**Problem**
After locating the line with "HIRO メイクアップLEDミラー LED12個搭載" below, output it and each following line exactly, stopping after the line with "Lampa wisząca Physalis". No pictures.

**Data for this task**

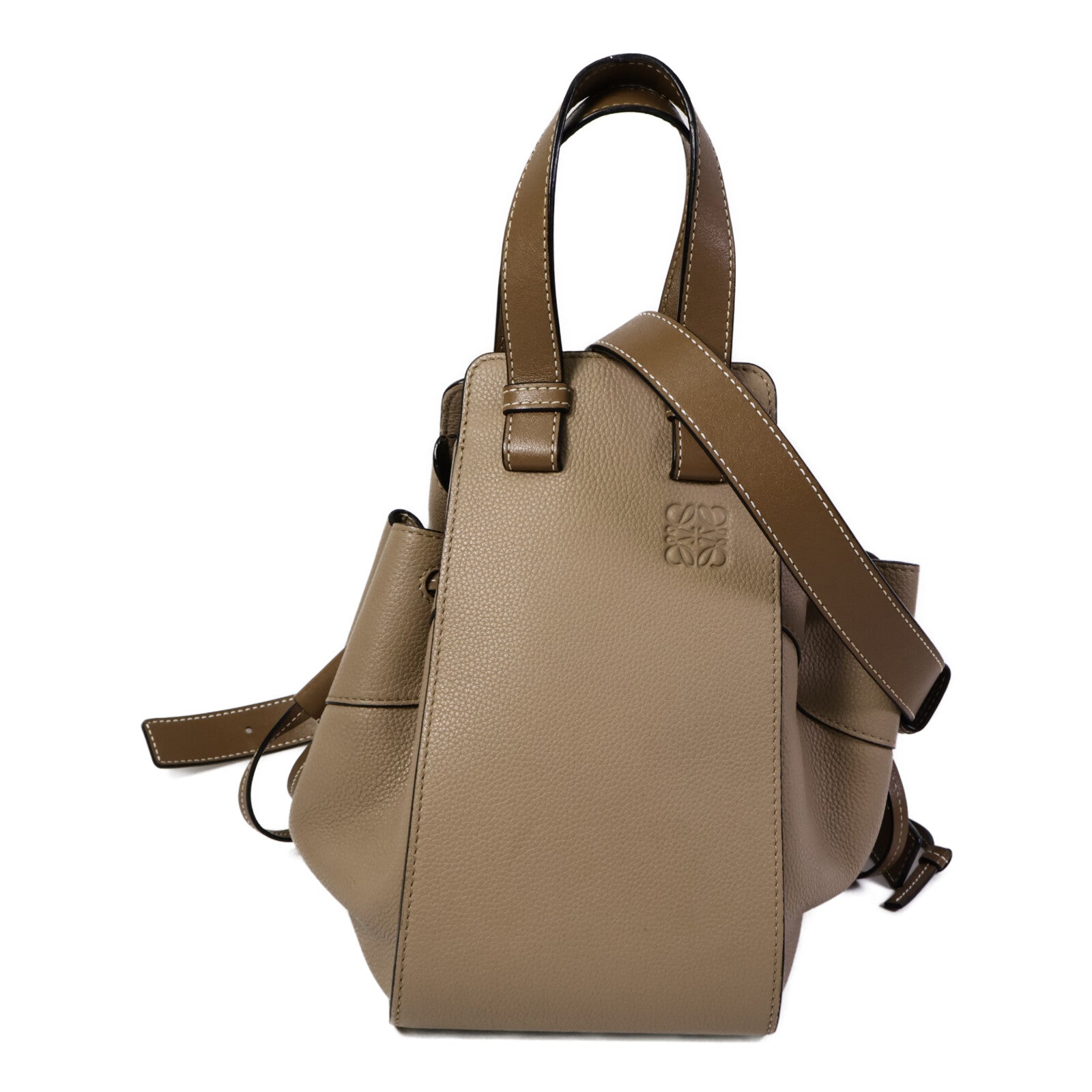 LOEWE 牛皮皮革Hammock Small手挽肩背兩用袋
...
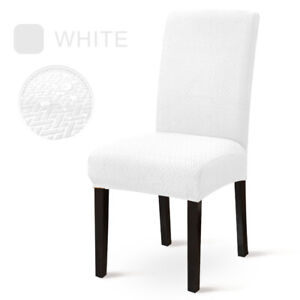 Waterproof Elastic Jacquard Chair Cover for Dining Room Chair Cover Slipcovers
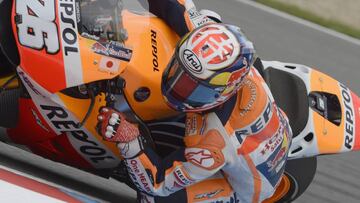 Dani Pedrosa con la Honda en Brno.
==
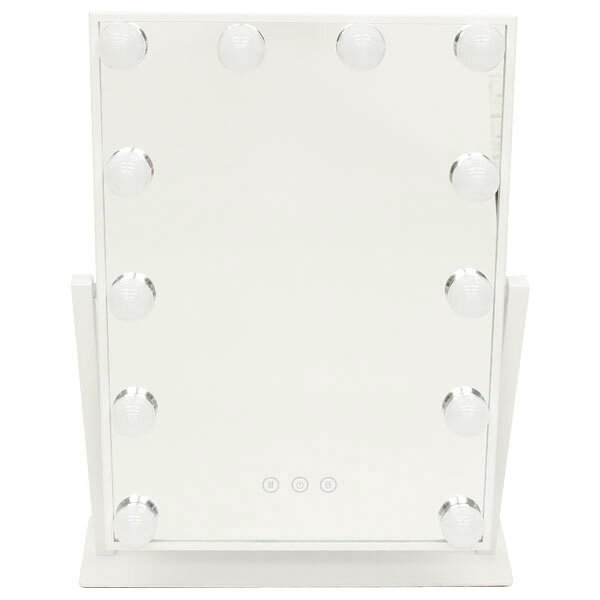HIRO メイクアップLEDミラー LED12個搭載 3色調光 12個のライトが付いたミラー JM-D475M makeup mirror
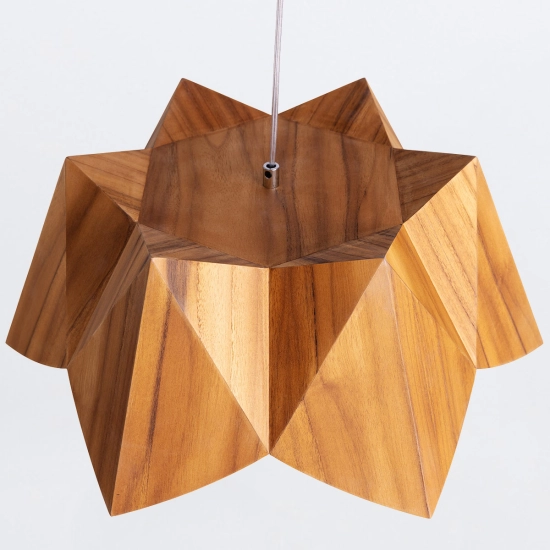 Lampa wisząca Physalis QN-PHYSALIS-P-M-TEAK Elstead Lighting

**Expected answer**
HIRO メイクアップLEDミラー LED12個搭載 3色調光 12個のライトが付いたミラー JM-D475M makeup mirror
 Lampa wisząca Physalis QN-PHYSALIS-P-M-TEAK Elstead Lighting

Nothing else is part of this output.